Такое в общем скованное поведение входило в противоречие с живой натурой Брежнева. Во всяком случае, при более тесном общении он вел себя совершенно иначе. Канцлер ФРГ В. Брандт называл его «непоседливым человеком»: «Перемены в настроении, русская душа, возможны быстрые слезы… Он производил впечатление изящного, живого, энергичного в движениях, жизнерадостного человека. Его мимика и жесты выдавали южанина, в особенности если он чувствовал себя раскованно во время беседы». Генри Киссинджер вспоминал: «Его настроение быстро менялось, и он не скрывал своих эмоций… Его руки были постоянно в движении, он крутил часы, сбивал пепел с вечно дымящейся сигареты, бряцал своим портсигаром по пепельнице. Он не мог держаться спокойно. Пока его замечания переводились, он неустанно вставал из своего кресла, ходил по комнате, громко объяснялся с коллегами и даже без объяснений покидал комнату, а потом возвращался. Поэтому при переговорах с Брежневым присутствовало ощущение эксцентричности… Однажды он принес игрушечную пушку, обычно используемую, по его словам, на заседаниях Политбюро. Она не выстрелила. Возня с ней, чтобы она заработала, заботила его гораздо больше, чем важность того, что я говорил. Наконец штуковина сработала. Брежнев с важным видом стал ходить по комнате, как человек, победивший соперника. Короче, Брежнев был… подлинный русский».

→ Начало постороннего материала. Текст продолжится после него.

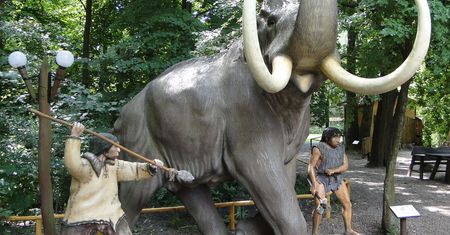 Kraków. Ludzie polowali na mamuty. Archeolodzy znaleźli dowód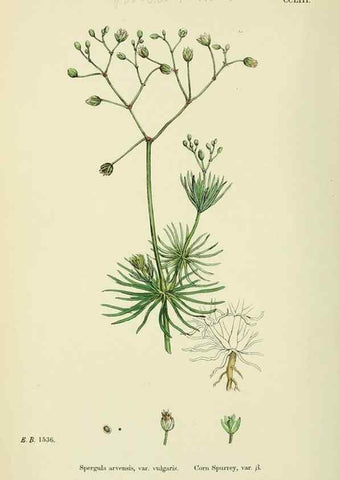 Reproducción/Reproduction 48755236806: English botany, or, Coloured figures of British plants /. London :R. Hardwicke,1863-1886.. 
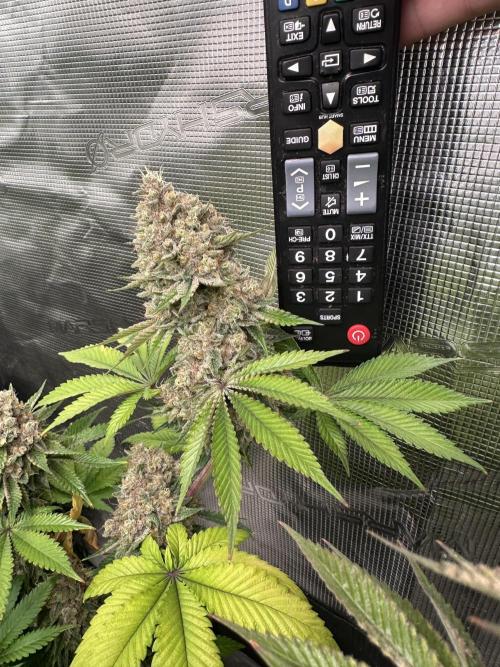Super Boof. Week 18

— Я сознаюсь, — добавлял позднее Киссинджер, — что мне нравился Брежнев… Он был такой жизнерадостный человек. Приятный… У него была одна черта, которая меня обескураживала. Мы обычно встречались в его кабинете. Он говорил что-то, а потом не сидел, ожидая перевода, а отходил, звонил куда-то в другом конце комнаты. А когда переводчик заканчивал и я начинал говорить, он все еще где-то шлялся… Я говорил, а он ходил, и когда я договаривал, он приходил и слушал переводчика…
«На каждую букашку составить бумажку». Сама атмосфера выступлений Генерального секретаря, торжественных съездов, демонстраций все более приближалась к атмосфере богослужений. Хрущев в своих речах любил живые импровизации, часто отступал от заранее написанного текста. По оценке историка Абдурахмана Авторханова, «его импровизации, пусть внешне и необтесанные, всегда были дерзкие, вызывающие, полные народного юмора, со ссылками больше на Библию, чем на Маркса и Энгельса».

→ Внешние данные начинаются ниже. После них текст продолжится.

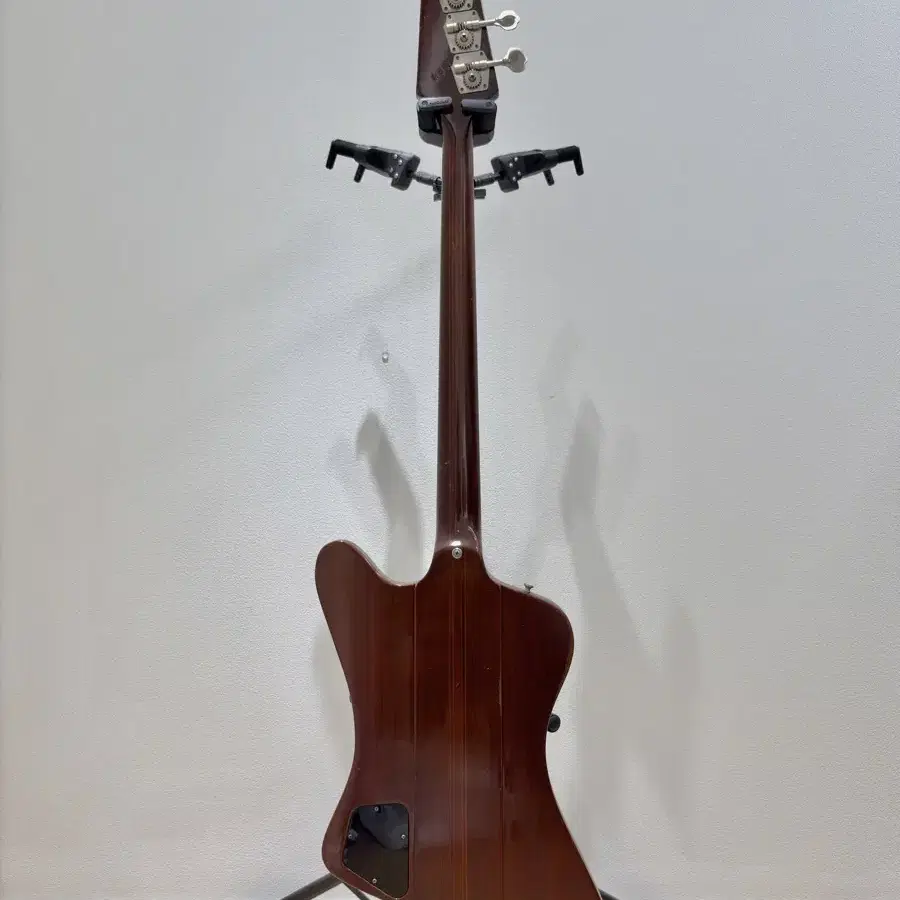 1976 깁슨 썬더버드 [Gibson Thunderbird Bicente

Брежнев таких отступлений уже не делал и неизменно читал готовый текст, обычно довольно сухой. Эта перемена не была случайной: сразу после октября 1964 года Брежнев попросил, чтобы стиль его речей отличался от «болтливой манеры» предшественника. «Правда», явно подразумевая Хрущева, осудила «прожектерство, хвастовство и пустозвонство». На обложке «Крокодила» тогда появилась карикатура: с трибуны снимают целую звонницу огромных колоколов. Докладчик с солидной лысиной (тоже, вероятно, намек на Хрущева) недоуменно взирает на это: «А как же теперь доклады делать?..»
Многие, если не все, считали, что Леонид Ильич просто не способен выступать живо, от себя. Однако вплоть до начала 60-х годов Брежнев свободно обходился без «бумажки» и показывал себя превосходным оратором. «Как он говорил! — вспоминал генерал Игорь Илларионов одну из его речей, произнесенную в Смольном. — Без всяких бумаг, дельно и так зажигательно!» Журналист А. Мурзин слышал такие отзывы о Брежневе 50-х годов: «Был оратором, мог говорить и час, и два без бумажки». Брежнев старался украсить свои речи яркими фактами, литературными ссылками. «Однажды он попросил найти ему книгу «Мятеж» Фурманова, — писал М. Жихарев. — Книгу ему передали, и он взял оттуда некоторые факты… Чувствовались деловитость и большая его эрудиция».